Proof of Concept – Inspirationspgrogramm #NextSkills

Im Anschluss an die Arbeiten am erweiterten SAMR-Modell hat das Projektteam anfangs 2023 das zehnmonatige Inspirationsprogramm #NextSkills lanciert. Im Rahmen dieses handlungsorientierten Programms entwickeln 23 Dozierende bestehende Angebote weiter oder konzipieren neue Kurse und CAS-Lehrgänge. Im Zentrum der Entwicklungsarbeiten steht die Auseinandersetzung mit den Möglichkeiten, die sich eröffnen, wenn sich durch den Einsatz digitaler Medien vor Beginn bis hin zum Abschluss eines Angebots und darüber hinaus neue kommunikative Lehr- und Lernräume auftun.

Das Inspirationsprogramm umfasst individuelle Beratungsgespräche und Workshops, die die Digital Learning Base (DigiLeB) der PHBern mit den Dozierenden durchführen. Neben der Weiterentwicklung der eigenen Medienkompetenzen steht insbesondere der Austausch über Aspekte des Struktur- und Kulturwandels im Fokus.

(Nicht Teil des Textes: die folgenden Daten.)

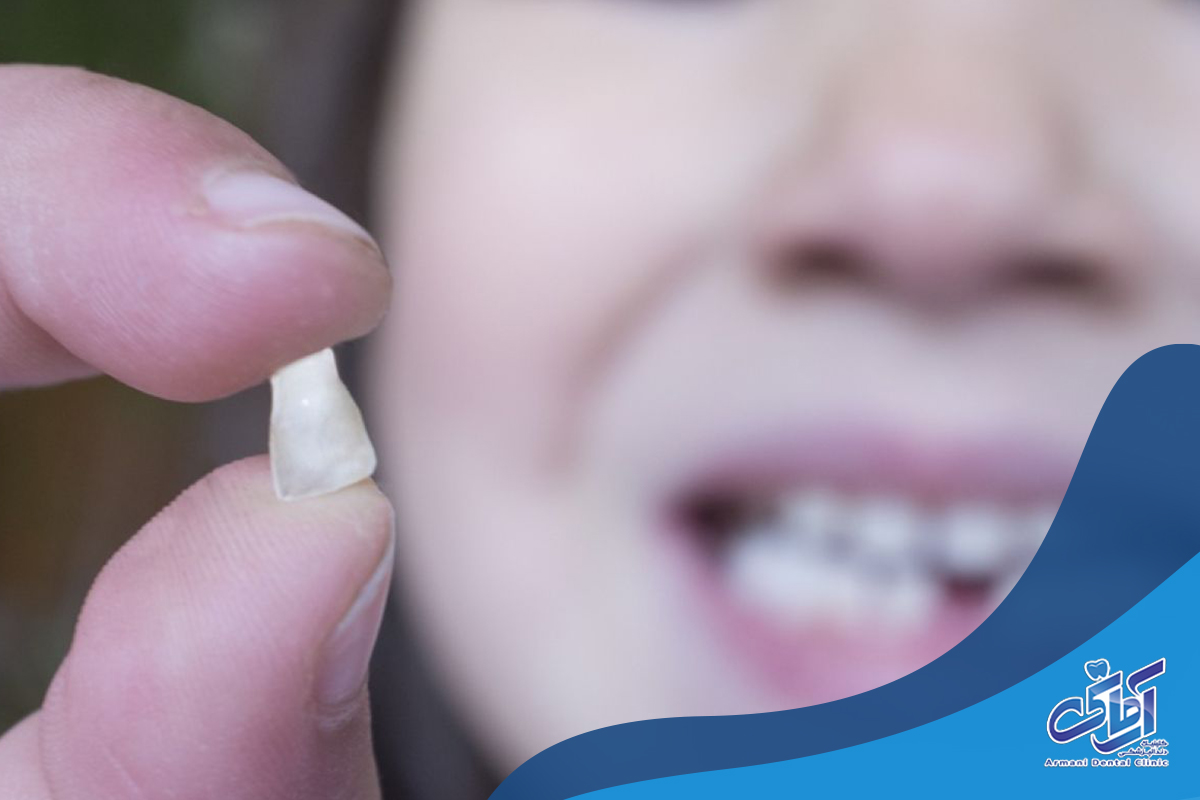 چند دندان شیری را می‌توان هم‌زمان کشید؟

Ein zentraler Aspekt des Inspirationsprogramms besteht nicht zuletzt darin, dass die Dozierenden vor dem Hintergrund des Gelernten ihre Angebote anpassen, Erfahrungen sammeln, sich austauschen und so gemeinsam einen Schritt in Richtung einer zukunftsgerichteten Weiterbildung gehen.

Autor*innen: Christian Schenkel (Digital Learning Base) und Regina Kuratle (Institut für Weiterbildung und Dienstleistungen).